= Historical Dictionary of Science Fiction =

Online database

Historical Dictionary of Science Fiction is a website created by lexicographer Jesse Sheidlower that traces the origin of terms in science fiction literature. The website launched in January 2021.

== Background ==
The genesis for the site was the Oxford English Dictionarys Science Fiction Citations Project, begun in 2001. Sheidlower, an editor-at-large for the OED, used crowdsourcing to collect words and their history from science fiction. The project resulted in the Hugo Award-winning book Brave New Words.

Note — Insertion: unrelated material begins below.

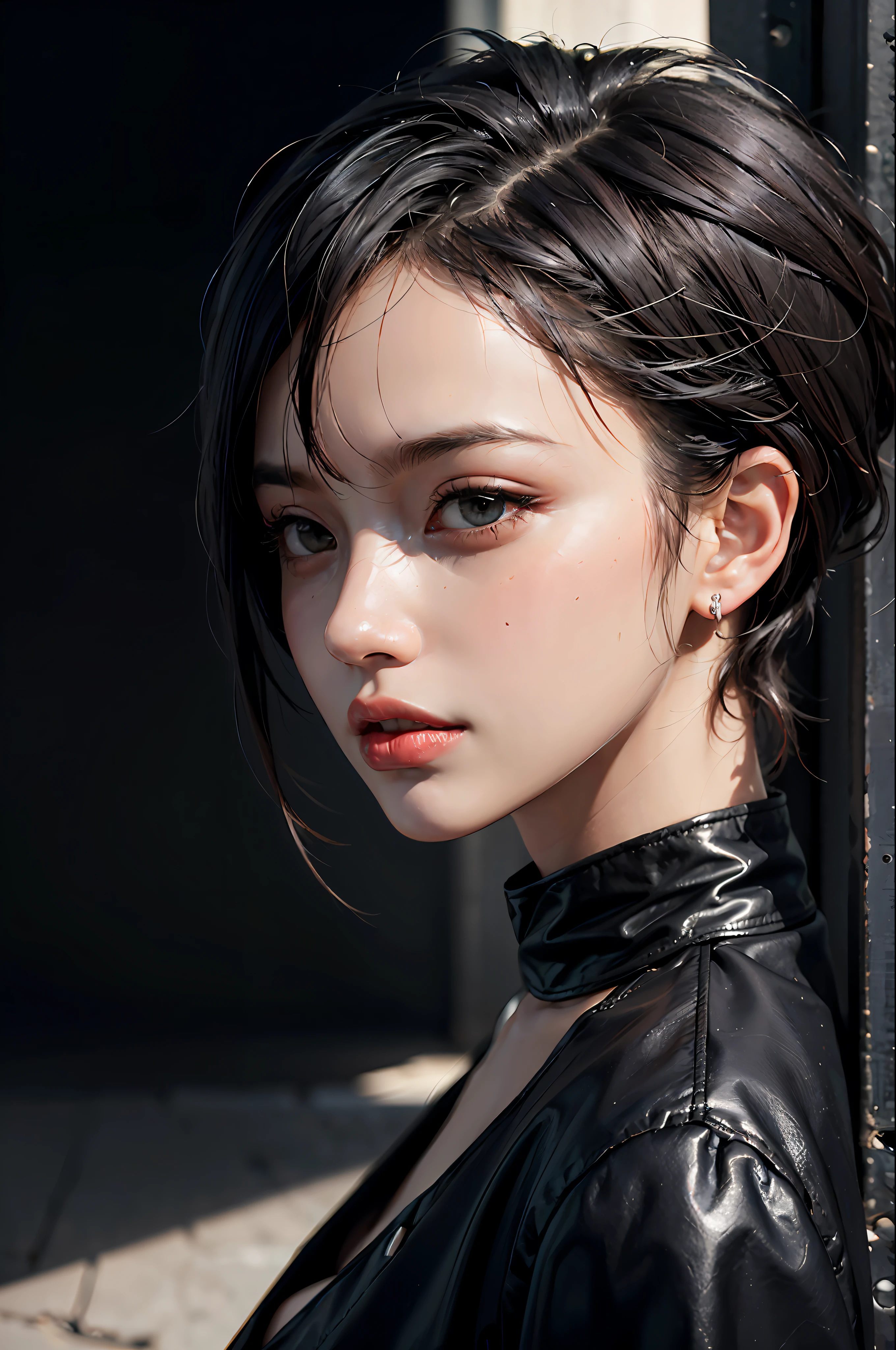 a 30 yo woman,(hi-top fade:1.3),long hair,dark theme, soothing tones, muted colors, high contrast, (natural skin texture, hyperrealism, soft light, sharp),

In 2020, Sheidlower obtained permission from the OED to continue the project independently.

== Development ==
The Internet Archive had scanned large numbers of science fiction pulp magazines, providing a digital resource that was not available when the earlier project began. With that resource and the extended period of isolation due to the COVID-19 pandemic, Sheidlower tracked down the original appearance of words such as "mutant", "first contact", and "deep space", and began assembling the new website, launching it live in January, 2021.

As a historical dictionary, the site provides not only a definition of a term, but also the historical development of their forms and meanings. Particular attention is paid to antedating, which means finding the first known occurrence. The dictionary is a useful resource for both fans of science fiction and "for scholars interested in the history of science and technology", according to Elizabeth Swanstrom, co-editor of the journal Science Fiction Studies and an English scholar at the University of Utah. The co-editor of the science fiction journal Extrapolation and a professor of English at the University of Georgia, Isaiah Lavender III, notes the usefulness of the dictionary for academic analysis of issues, saying "Having these origin dates in mind can help a student or scholar build a framework to analyze something like the concept of the racial ‘other’ where robots and androids (as well as aliens) are stand-ins for oppressed peoples." Lavender points out the problem of lack of diversity in the dictionary at present, which Sheidlower also acknowledges.

The Historical Dictionary of Science Fiction contains approximately 1800 entries at launch, identifying the literature in which the term first appeared and subsequent uses of the term over time. The entries include terms used over three centuries. For example, the first recorded use of teleport is an 1878 mention in The Times of India.

Sheidlower is continuing to add additional terms after the initial launch and hopes to include more terms from 21st century science fiction. The general criteria for inclusion of a term is that "a word must either be adopted widely within science fiction or become part of the broader culture".